Description Erhard F. 2020-05-23 22:21:55 UTC
Created attachment 289253 [details]
kernel .config (5.7-rc6, PowerMac G4 DP)

The bug is triggered by running "TEST=013\* ./misc-tests.sh" of btrfs-progs test suite, built from git master:

 # git clone https://github.com/kdave/btrfs-progs && cd btrfs-progs/
 # ./autogen.sh && ./configure --disable-documentation
 # make && make fssum
 # cd tests/
 # TEST=013\* ./misc-tests.sh

The G4 crashes and the reboot timer kicks in. Before it shows a series of stack traces, starting with the "kernel BUG at include/linux/swapops.h:197!"-part from bug #207221. After that I get an rcu stall and a soft lockup.
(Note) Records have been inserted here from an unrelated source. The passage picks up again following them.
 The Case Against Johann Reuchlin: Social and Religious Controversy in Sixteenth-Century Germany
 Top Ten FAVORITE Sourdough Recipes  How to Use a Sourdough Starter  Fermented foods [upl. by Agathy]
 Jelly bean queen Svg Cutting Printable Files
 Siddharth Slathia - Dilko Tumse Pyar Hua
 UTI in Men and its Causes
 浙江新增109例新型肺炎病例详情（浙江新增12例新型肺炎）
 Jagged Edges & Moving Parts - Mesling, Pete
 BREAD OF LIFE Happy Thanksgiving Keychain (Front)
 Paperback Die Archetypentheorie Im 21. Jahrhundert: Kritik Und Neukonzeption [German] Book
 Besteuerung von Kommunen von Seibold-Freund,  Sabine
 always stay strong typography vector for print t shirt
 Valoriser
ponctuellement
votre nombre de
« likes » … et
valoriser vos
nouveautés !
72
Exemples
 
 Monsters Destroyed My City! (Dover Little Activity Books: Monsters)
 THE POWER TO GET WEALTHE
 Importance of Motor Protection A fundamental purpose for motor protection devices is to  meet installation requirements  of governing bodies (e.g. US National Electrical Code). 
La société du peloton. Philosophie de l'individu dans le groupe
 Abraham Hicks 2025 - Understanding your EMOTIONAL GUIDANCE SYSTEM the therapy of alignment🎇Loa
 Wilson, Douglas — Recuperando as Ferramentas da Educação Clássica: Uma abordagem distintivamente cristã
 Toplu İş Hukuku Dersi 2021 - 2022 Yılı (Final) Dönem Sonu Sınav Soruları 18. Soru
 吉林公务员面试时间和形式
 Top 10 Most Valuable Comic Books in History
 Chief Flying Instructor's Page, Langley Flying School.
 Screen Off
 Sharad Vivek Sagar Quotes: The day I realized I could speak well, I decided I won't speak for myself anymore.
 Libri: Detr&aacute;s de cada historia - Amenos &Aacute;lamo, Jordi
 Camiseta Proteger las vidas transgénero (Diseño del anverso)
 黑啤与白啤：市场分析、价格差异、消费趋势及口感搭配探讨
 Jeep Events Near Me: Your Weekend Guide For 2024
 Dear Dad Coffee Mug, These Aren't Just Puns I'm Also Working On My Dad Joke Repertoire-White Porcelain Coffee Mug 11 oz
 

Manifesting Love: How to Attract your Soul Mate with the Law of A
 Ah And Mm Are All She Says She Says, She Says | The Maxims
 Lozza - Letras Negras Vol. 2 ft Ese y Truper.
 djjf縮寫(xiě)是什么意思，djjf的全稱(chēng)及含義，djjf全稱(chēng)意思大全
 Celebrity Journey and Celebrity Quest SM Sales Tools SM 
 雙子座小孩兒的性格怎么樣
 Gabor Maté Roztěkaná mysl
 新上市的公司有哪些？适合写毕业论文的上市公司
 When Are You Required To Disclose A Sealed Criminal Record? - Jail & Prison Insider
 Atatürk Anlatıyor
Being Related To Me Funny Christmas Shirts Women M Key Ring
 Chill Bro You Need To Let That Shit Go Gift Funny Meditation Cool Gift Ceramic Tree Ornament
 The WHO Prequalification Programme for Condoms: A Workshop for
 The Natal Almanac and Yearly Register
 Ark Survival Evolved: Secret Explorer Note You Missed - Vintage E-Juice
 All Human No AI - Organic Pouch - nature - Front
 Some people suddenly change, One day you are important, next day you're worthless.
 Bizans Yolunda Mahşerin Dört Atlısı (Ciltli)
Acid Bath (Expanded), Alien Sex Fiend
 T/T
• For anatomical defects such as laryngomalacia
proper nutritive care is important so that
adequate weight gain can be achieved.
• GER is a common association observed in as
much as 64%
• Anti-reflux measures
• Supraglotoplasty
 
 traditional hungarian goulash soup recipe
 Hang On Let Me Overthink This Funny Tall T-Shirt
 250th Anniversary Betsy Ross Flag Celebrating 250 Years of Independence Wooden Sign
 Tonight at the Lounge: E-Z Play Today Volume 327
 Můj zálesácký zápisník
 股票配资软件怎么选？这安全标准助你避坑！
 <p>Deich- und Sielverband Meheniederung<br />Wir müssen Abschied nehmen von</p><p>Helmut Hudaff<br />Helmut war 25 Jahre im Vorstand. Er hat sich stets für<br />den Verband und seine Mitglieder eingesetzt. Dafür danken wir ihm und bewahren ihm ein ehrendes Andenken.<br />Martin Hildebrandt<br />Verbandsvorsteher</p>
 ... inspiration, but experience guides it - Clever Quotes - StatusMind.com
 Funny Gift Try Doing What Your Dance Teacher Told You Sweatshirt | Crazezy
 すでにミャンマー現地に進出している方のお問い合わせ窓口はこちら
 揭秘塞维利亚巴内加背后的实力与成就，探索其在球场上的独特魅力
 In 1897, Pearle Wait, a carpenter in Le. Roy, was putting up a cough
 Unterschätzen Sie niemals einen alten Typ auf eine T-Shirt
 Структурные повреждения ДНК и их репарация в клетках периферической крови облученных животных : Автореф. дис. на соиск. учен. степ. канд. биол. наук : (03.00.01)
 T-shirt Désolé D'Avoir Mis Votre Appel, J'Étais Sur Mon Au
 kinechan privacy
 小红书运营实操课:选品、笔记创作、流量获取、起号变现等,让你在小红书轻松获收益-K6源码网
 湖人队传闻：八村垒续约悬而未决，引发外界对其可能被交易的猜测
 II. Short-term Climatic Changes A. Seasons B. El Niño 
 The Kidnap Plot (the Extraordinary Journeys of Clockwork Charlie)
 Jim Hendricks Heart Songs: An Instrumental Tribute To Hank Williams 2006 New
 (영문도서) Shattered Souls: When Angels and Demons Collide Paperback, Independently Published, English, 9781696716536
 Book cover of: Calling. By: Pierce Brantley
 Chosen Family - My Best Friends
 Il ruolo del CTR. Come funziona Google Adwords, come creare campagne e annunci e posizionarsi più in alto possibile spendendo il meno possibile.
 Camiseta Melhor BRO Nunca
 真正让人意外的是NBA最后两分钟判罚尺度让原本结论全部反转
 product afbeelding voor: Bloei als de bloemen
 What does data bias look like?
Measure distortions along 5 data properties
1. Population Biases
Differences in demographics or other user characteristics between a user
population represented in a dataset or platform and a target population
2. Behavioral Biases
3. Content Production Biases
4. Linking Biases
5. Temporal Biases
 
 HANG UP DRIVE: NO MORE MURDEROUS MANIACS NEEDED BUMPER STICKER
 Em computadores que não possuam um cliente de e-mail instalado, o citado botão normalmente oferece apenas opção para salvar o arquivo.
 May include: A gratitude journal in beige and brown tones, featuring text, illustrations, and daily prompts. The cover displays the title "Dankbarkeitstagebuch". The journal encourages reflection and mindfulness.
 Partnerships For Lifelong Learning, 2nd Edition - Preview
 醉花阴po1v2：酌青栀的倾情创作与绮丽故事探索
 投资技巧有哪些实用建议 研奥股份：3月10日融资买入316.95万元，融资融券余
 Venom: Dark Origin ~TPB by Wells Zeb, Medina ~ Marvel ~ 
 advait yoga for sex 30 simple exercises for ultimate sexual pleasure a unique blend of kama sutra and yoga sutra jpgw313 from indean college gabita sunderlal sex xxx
For the full stacktrace have a look at the transcript of both screenshots.

[...]
rcu: INFO: rcu_sched self-detected stall on CPU
rcu: o1-....: (7799 ticks this GP) idle=a06/1/0x40000002 soft irq=11075/11075 fqs=2599
o(t=7804 jiffies g=21629 q=59)
Task dump for CPU 1:
dd              R  running task        0  2200    394 0x0000000c
Call Trace:
[f49fb458] [c00fcddc] sched_show_task+0x3bc/Ox3fe (unreliable)
[f49fb498] [c01c650c] rcu_dump_cpu_stacks+0x228/0x23c
[f49fb4e8] [c01c2e18] rcu_sched_clock_irq+0x81c/0x1360
[f49fb568] [c01d8940] update_process_times+0x2c/0x98
[f49fb588] [c02027d4] tick_sched_timer+0x128/0x1d8
[f49fb5a8] [c01dc49c] __hrtimer_run_queues+0x490/Oxae8
[f49fb698] [c01dd788] hrtimer_interrupt+0x278/0x520
[f49fb6f8] [c001710c] timer_interrupt+0x374/0xb4c
[f49fb738] [c002c5e4] ret_from_except+0x0/0x14
--- interrupt: 901 at do_raw_spin_lock+0x1c8/0x2cc
    LR = do_raw_spin_lock+0x1a4/0x2cc
[f49fb800] [c0180e0c] do_raw_spin_lock+0x188/0x2cc (unrelable)
[f49fb830] [c0428890] unmap_page_range+0x244/0xb08
[f49fb910] [c0429610] unmap_vmas+0x94/0xdc
[f49fb930] [c043c25c] exit_mmap+0x340/0x46c
[f49fba20] [c0078260] __mmput+0x78/0x360
[f49fba50] [c0090514] do_exit+0x9c4/0x21fc
[f49fbb20] [c0019d38] user_single_step_report+0x0/0x74
[f49fbb70] [c002c5e0] ret_from_except+0x0/0x4
--- interrupt: 700 at __migration_entry_wait+0x13c/0x198
    LR = __migration_entry_wait+0xf0/0x198
[f49fbc58] [c042c0f0] do_swap_page+0x1f0/0x198
[f49fbd28] [c042e7e4] handle_mm_fault+0x794/0x16f4
[f49fbe48] [c0039868] do_page_fault+0xf50/0x12f8
[f49fbf38] [c002c468] handle_page_fault+0x10/0x3c
--- interrupt: 301 at 0x87e378
    LR = 0x87e33c
[...]

I don't know wether this is a btrfs bug, or a bug only triggered by this specific test. So I am filing this as platform specific as I have not seen it on x86 yet.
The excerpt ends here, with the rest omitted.